Ex-lawyer turned relationship coach

Amateur Neuroscience

Your brain has roughly as many neurons as there are stars in a small galaxy; close to a 100 billion.

And a neuron’s job is to carry messages through your body.

But some are more hardworking than others.

The go-getter of the brain is the mirror neuron. And it doesn’t only pass on what you’re undergoing, but it also relays what others are experiencing.

So if you watch a spider creep up someone else’s arm, the mirror neuron is telling you it’s also crawling up your arm.

That’s why seeing someone handle an arachnid can make us scrunch up our faces and feel icky.

But we never feel its eight hairy legs drag over our skin. Does that mean the mirror neuron is slacking off?


Your brain is simply ignoring a part of the mirror neuron’s message.

You see, your skin is also busy transmitting signals upstairs.
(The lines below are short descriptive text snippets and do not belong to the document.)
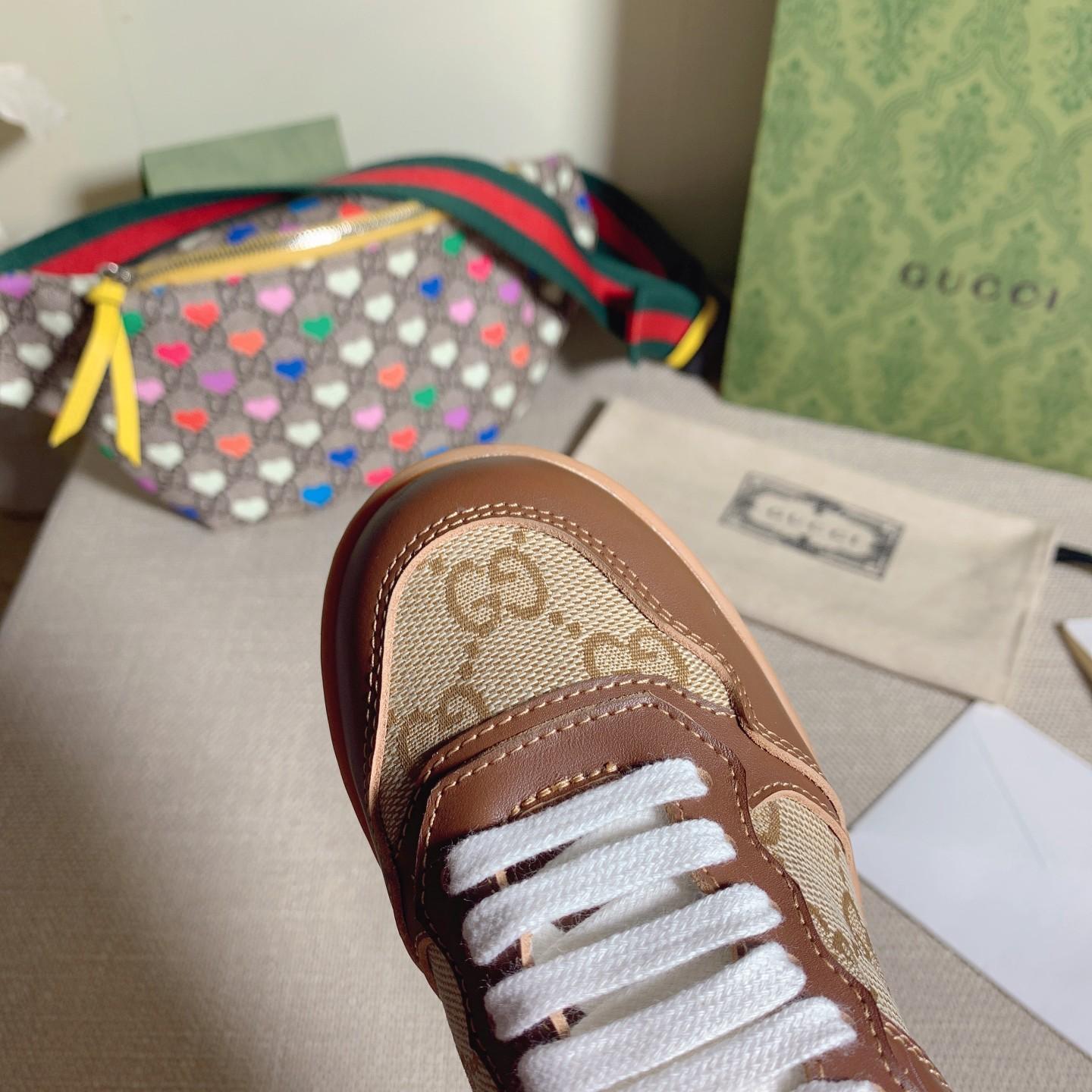Gucci Toddler Leather Platform Sneaker - FashionPlug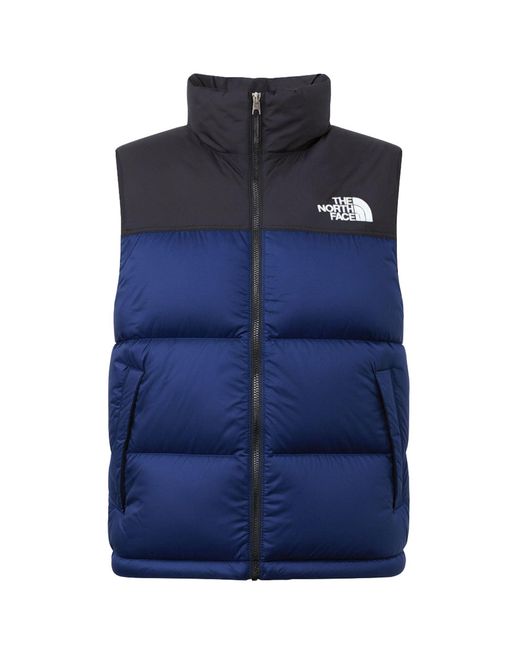 The North Face Blue 96 Retro Nuptse Gilet Nylon for men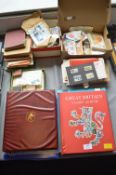 Two Stanley Gibbons Stamp Albums plus Assorted Sta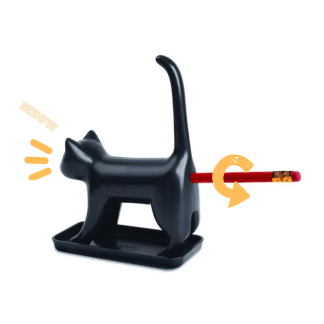 potloodscherper kat zwart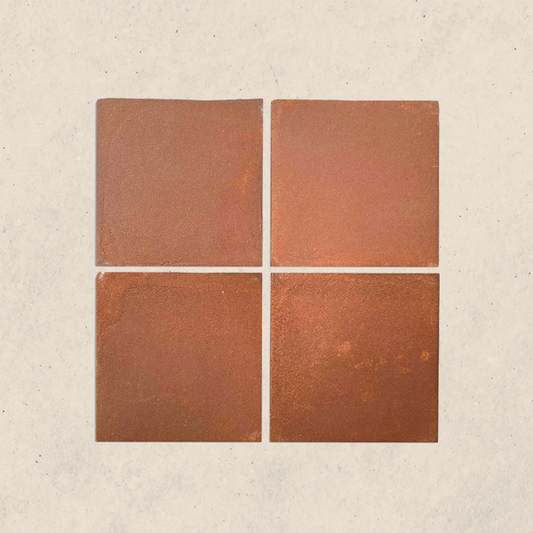 Cotto Tiera terracotta clay tile 4X4., 100% natural, for tiling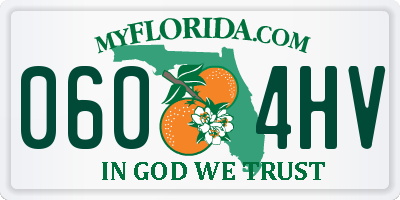 FL license plate 0604HV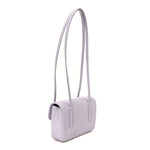 Shiny Caviar Mini Preppy Coco Shoulder Bag Purple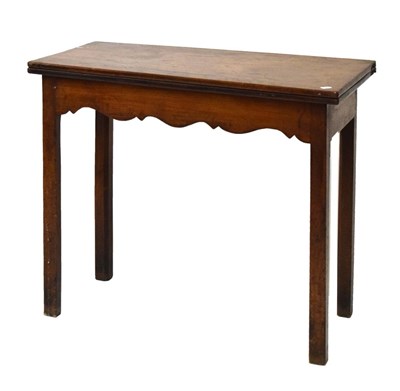 Lot 554 - George III mahogany fold-over tea table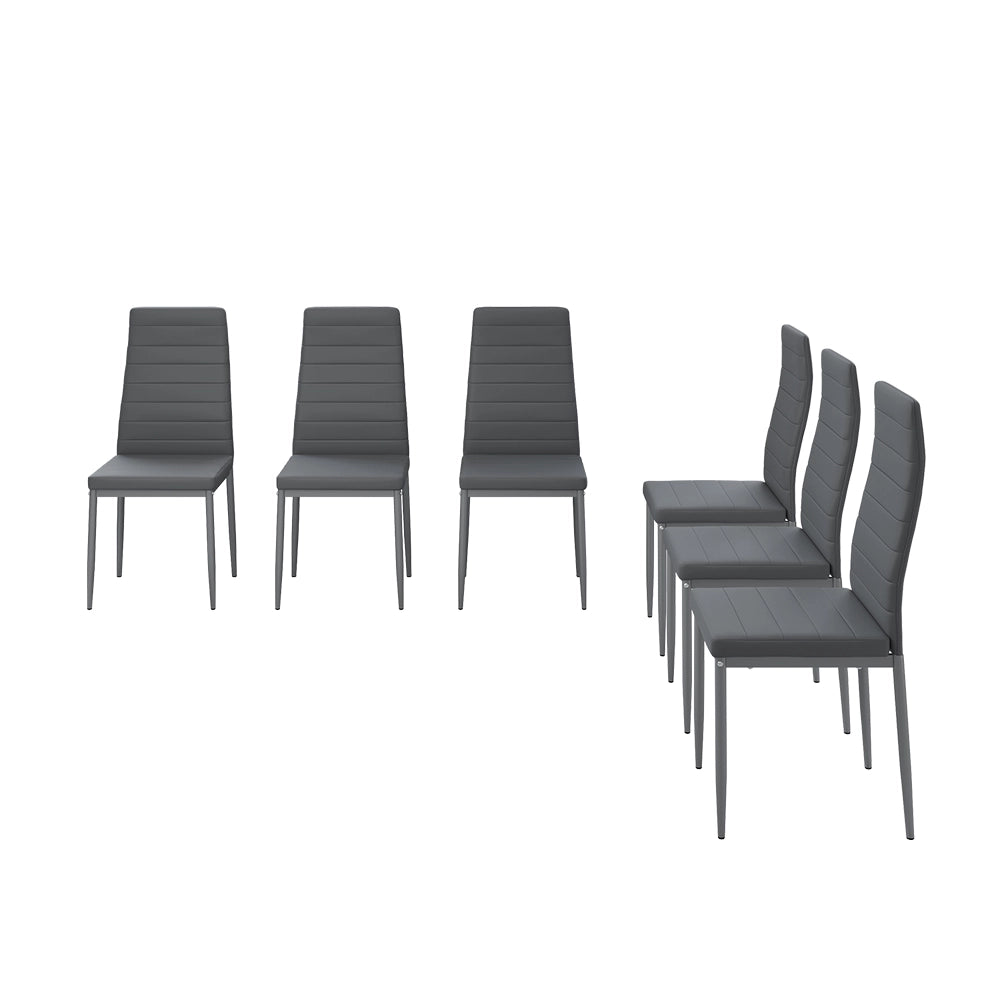 Vicco Sedie Grigio 42.5 x 48 cm Set di 6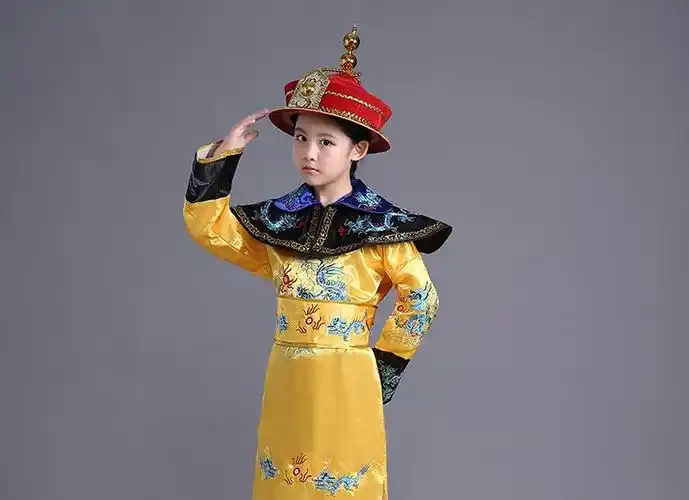 西木柒古代皇帝龙袍清朝皇帝皇后服装古装成人袍凤袍男女儿童皇上小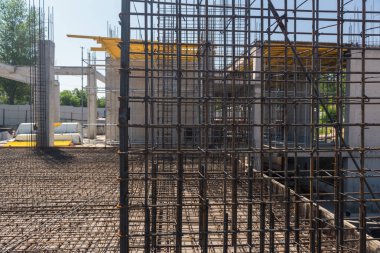 takviye ve dökme beton inşaat alanı üzerinde için kalıplar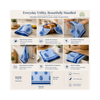 Hand Block Printed Cotton Waffle Hand Towels Set of 2- Neel Pushp | Soft & absorbent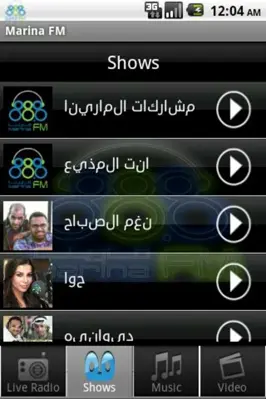 Marina FM android App screenshot 5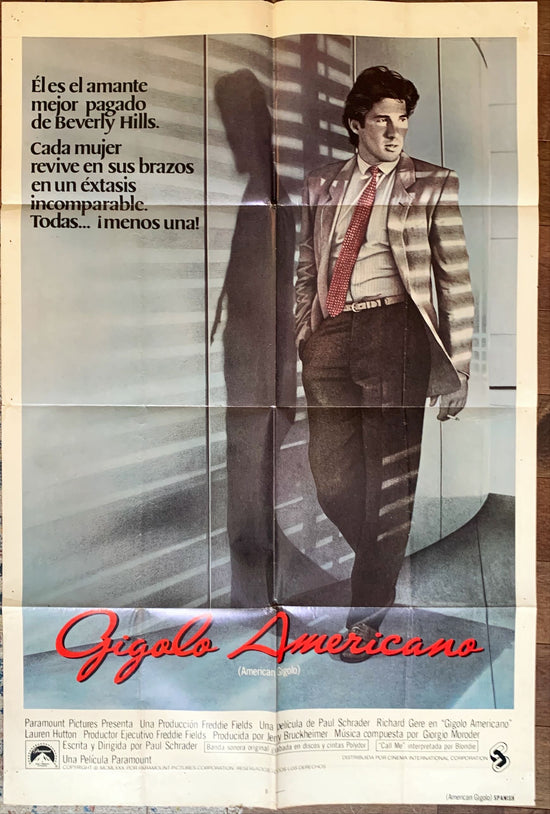 American Gigolo, spanish int&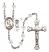 Saint Christopher and Rugby Rosary with Crystal Beads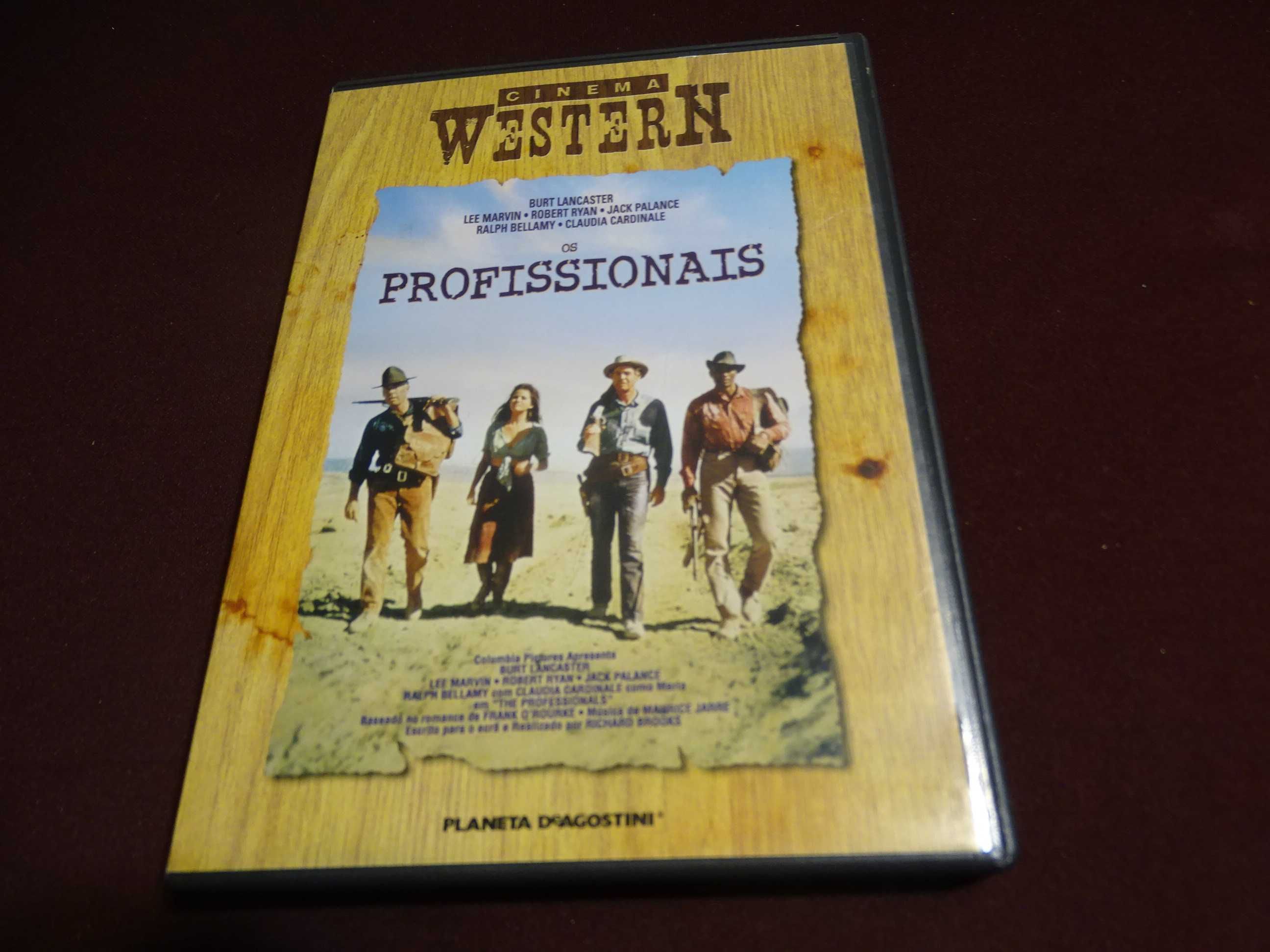 DVD-Os Profissionais-Burt Lancaster/Claudia Cardinale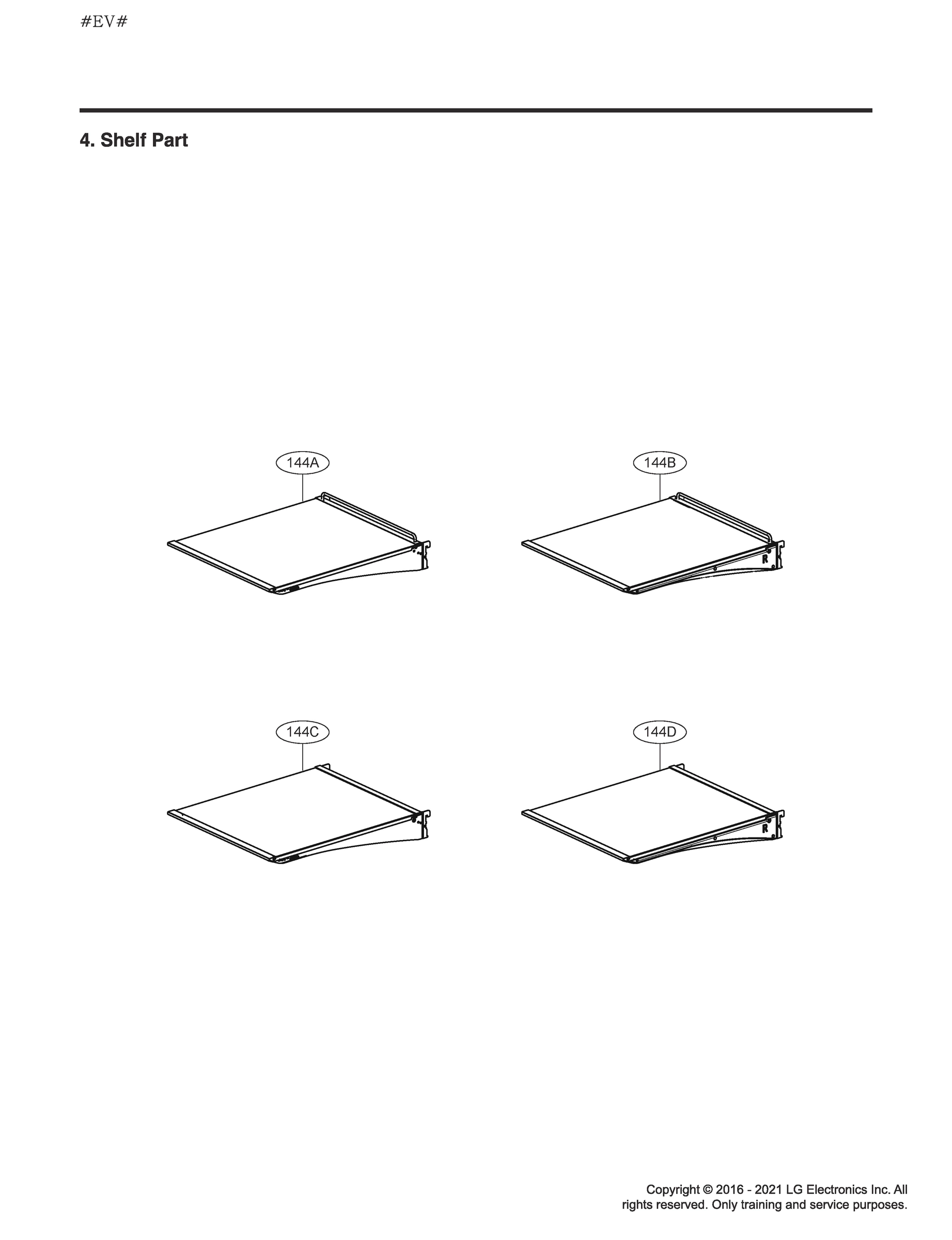 SHELF PART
And when your skin says it doesn’t feel anything, your brain takes its word over the mirror neuron.

But what happens if your skin can’t talk with your brain?

What if you’re born without limbs and observe a creepy crawly wriggle its way up a person’s arm? What then?

You would actually feel the bug’s prickly legs scurry over your phantom limb.

But don’t let me scare you into thinking mirror neurons are bad.

Mirror neurons are marvelous: if someone else is having a good time, it’ll rub off on you.